» DATASET SECTION
************
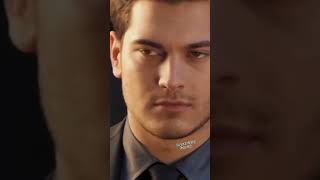 Adini feriha koydum adınıferihakoydum cagatay turkishseries cagatayulusoyfans [upl. by Lyndon]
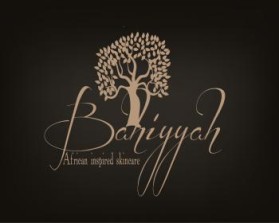 Bahiyyah entry by chasing.the.sun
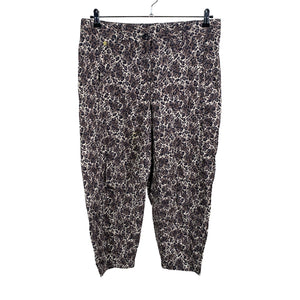 Unisex Philosophy Blues Original - Slacks, size 42 - Brown (1)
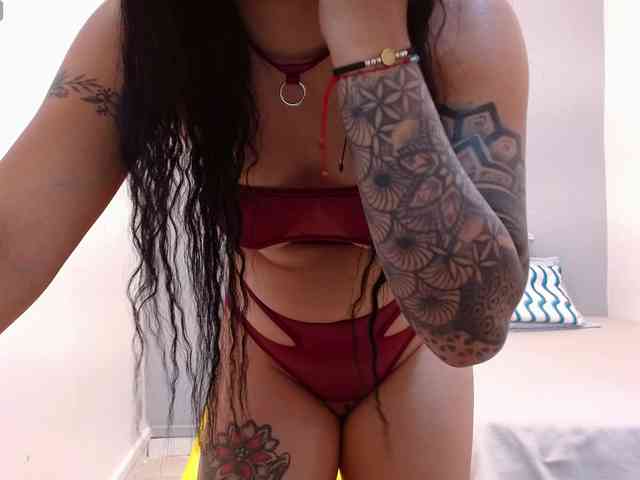 louisk2 webcam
************
» TASK GOAL
Transcribe the whole listing above exactly and leave out the pictures.

» SOLUTION FOR THIS EXERCISE
 Adini feriha koydum adınıferihakoydum cagatay turkishseries cagatayulusoyfans [upl. by Lyndon]
 Bahiyyah entry by chasing.the.sun
 Unisex Philosophy Blues Original - Slacks, size 42 - Brown (1)
 louisk2 webcam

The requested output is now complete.